Our safety net designed to protect children and youth is failing, leading them to a life of homelessness.

I know how it feels to be a young person looking for security and a place to sleep. I had to navigate the streets of Los Angeles County without a stable place to call home.

I entered the California child welfare system at birth and spent my childhood in foster care. At 16, I found myself in youth unemployment shelter in Hollywood. My story took me from sleeping on the streets, bouncing from place to place to even riding the subway from Santa Monica to Whittier to find a safe place to rest.

By the grace of God and a school counselor, I moved from sleeping rough to possibly attending college. This helping hand is why I have been advocating for the past 20 years to prevent, address and end youth homelessness, because today thousands of children and youth experience the same lack of a safety net.

Too many children are sleeping in cars, on rooftops, in empty buildings, couch surfing with strangers, or cycling through shelters built for adults. Our social service systems are failing to protect our young people and failing to prepare them for success once they age out of the foster care system.

We need to build a system that provides healing to overcome homelessness. Otherwise, through our inaction, we are building an endless pipeline to chronic homelessness for young people, especially those already in care systems or who are homeless.
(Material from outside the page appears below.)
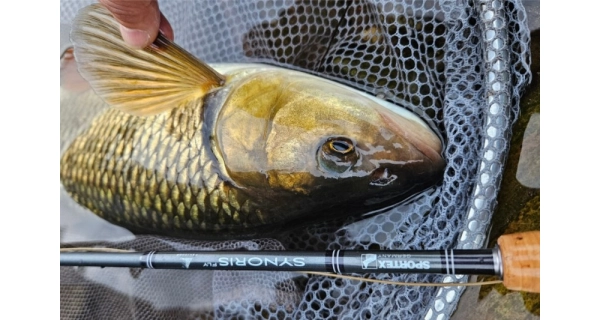 SPORTEX - Muškařský prut Synoris Fly 2,6 m #3 4 díly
Data shows that 50% of the chronically homeless population had their first experience of homelessness when they were young. Recent reports show that 49% of adults who have experienced homelessness in the City and County of San Francisco first experienced it under the age of 25. In Los Angeles County, 45% of homeless adults experienced it for the first time before age 25.

This nightmare and failed future for our children needs a bold decision to build and fund youth housing to show our children we care by giving them a safe and stable place to sleep every night.

That’s why the California Youth Coalition, the Alliance for Children’s Rights, Children Now and other child advocacy organizations support Senate Bill 492 to increase the availability of youth housing and break this line from youth homelessness to chronic, elderly homelessness.

SB 492, if approved, would increase housing stability and enhance the impact of California’s investments in youth housing by creating a dedicated funding source, the Youth Housing Bond Fund. The bond will pay for transitional housing where youth will have supportive services to help them build skills needed to transition to independence and self-sufficiency.

This would dramatically change the lives of many of California’s children.

Every community cares about its children. We support football teams and school trips. But are we supporting our most vulnerable young people?